Leurs membres et leurs os sont utilisés pour des rituels, censés apporter richesse et pouvoir. D’où cette chasse à l’homme dont ils sont victimes à travers le Malawi.
 
«Différentes tombes ont été ouvertes et la police a capturé un certain nombre de personnes en possession d’os et d’autres parties de corps d’albinos», confirme Martin Chiphwanya, coordinateur de la Commission justice et paix de la Conférence des évêques du Malawi, qui tire aussi la sonnette d’alarme.
 
La vente d’organes d’albinos est lucrative. Elle va de quelques centaines de dollars pour un os ou un organe, jusqu’à plusieurs milliers de dollars pour un corps entier.
 
L’église catholique du Malawi demande que ces pratiques criminelles soient sanctionnées avec la plus grande fermeté. Elle préconise une collaboration entre les pays africains confrontés à cette tragédie.
 
Traque des albinos en Tanzanie et au Burundi
En Afrique subsaharienne, plusieurs autres Etats sont confrontés à la question des albinos. C’est le cas du Kenya et du Mali. Mais c’est surtout au Burundi et en Tanzanie que les chasseurs d’albinos font des ravages.
 
La dernière victime au Burundi a été enregistrée en mars 2016 dans le nord du pays: une fillette de 5 ans, kidnappée, puis tuée et démembrée par des inconnus. Alertés par la famille, les voisins se sont lancés à la poursuite des assaillants. Mais il était déjà trop tard. La fillette a été retrouvée morte, un  bras manquant.
 
Selon la justice burundaise, les auteurs des meurtres d’albinos commis dans le pays récupèrent leurs organes pour les expédier en Tanzanie.  Là bas, ils servent à confectionner des amulettes, censées apporter la richesse ou des succès électoraux.
 
«Il y a clairement des gens en politique qui recherchent ce genre de concoctions. Les gens sont prêts à tuer des albinos parce qu’ils pensent que cela leur portera  bonheur», explique Issac Mwaura, un député kenyan lui-même albinos. Selon lui, certains criminels viennent de la Tanzanie voisine pour kidnapper des albinos au Kenya.
 
Femmes tanzaniennes leurs bébés albinos
Deux femmes tanzaniennes portent leurs enfants albinos dans le dos le 5 Mai 2014 à Dar es Salaam. En 2015, la Tanzanie a interdit la pratique de la sorcellerie pour protéger ses albinos.
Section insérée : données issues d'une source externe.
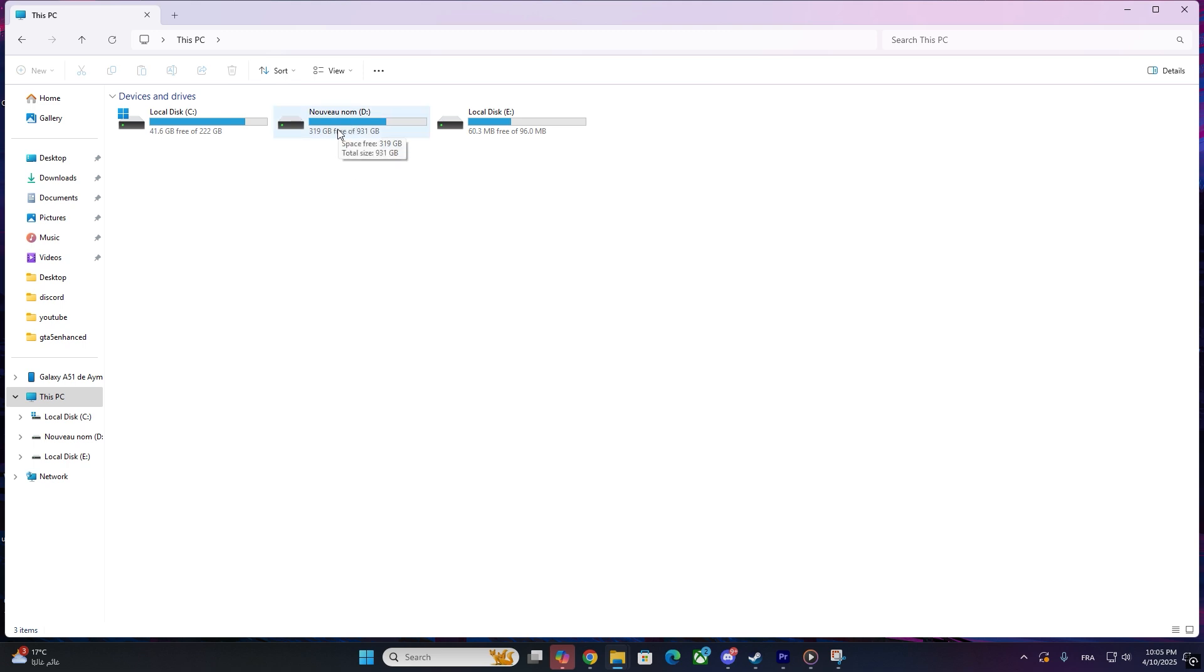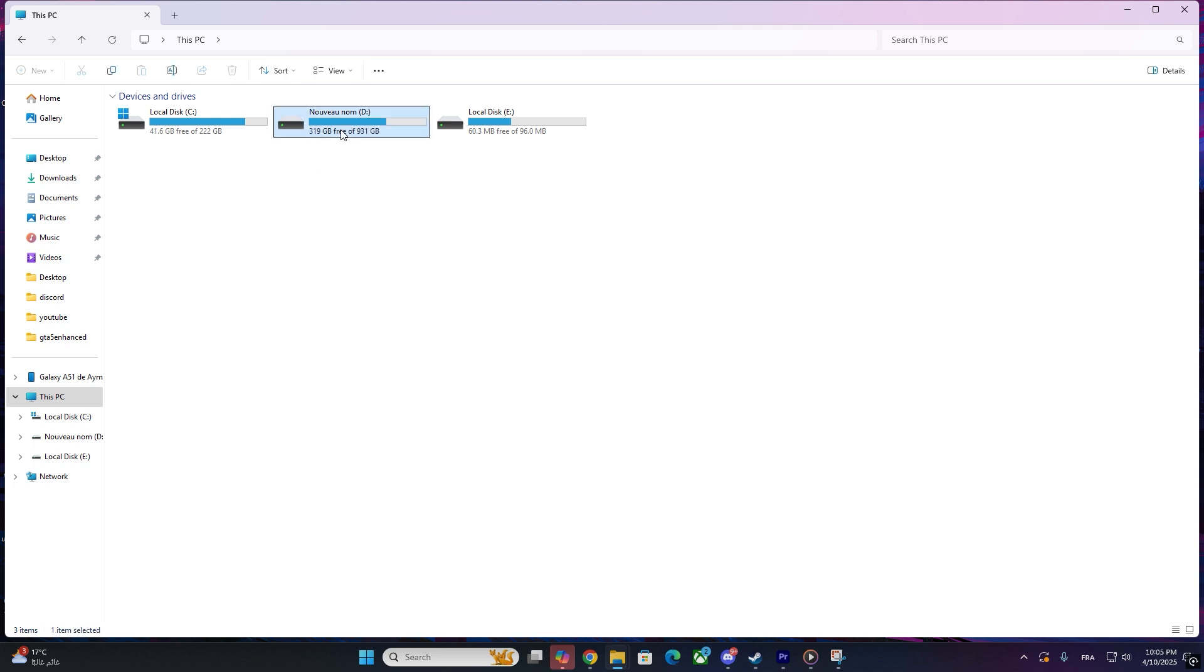Step 3: Paste in New Drive. Navigate to the drive where you want to move Roblox, such as your D or E drive. Right-click and paste the folder there.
© Photo AFP/Bunyamin Aygun/Milliyet Daly

«En finir avec les meurtres des albinos»
En Tanzanie, l’ONU a dénombré 70 victimes albinos, tuées depuis 2000.
En janvier 2015, les autorités ont décidé de stopper le carnage en lançant la campagne «En finir avec les meurtres d’albinos». Le gouvernement a donc interdit la pratique de la sorcellerie sur l’ensemble du territoire.
 
«Nous voulons nous attaquer aux enlèvements et aux meurtres d’albinos une fois pour toutes», a assuré le ministre tanzanien de l’intérieur, Mathias Chikawe.
 
Depuis janvier 2015, la police tanzanienne a lancé une vaste opération visant à mettre fin aux mutilations et aux meurtres des albinos. Plus de 200 sorciers ont été arrêtés dans plusieurs régions du pays. Ces arrestations ont permis de traduire une centaine de personnes devant la justice.
 
Le combat est loin d’être gagné
Au Malawi comme en Tanzanie, le combat est loin d’être gagné. La nouvelle législation tanzanienne n’a pas permis d’empêcher la poursuite de ces pratiques, très ancrées dans les traditions. Des hommes armés ont coupé la main d’un enfant albinos de six ans après l’avoir agressé. En février 2015, un bébé de 18 mois a été enlevé avant d’être retrouvé, amputé de ses jambes et de ses bras.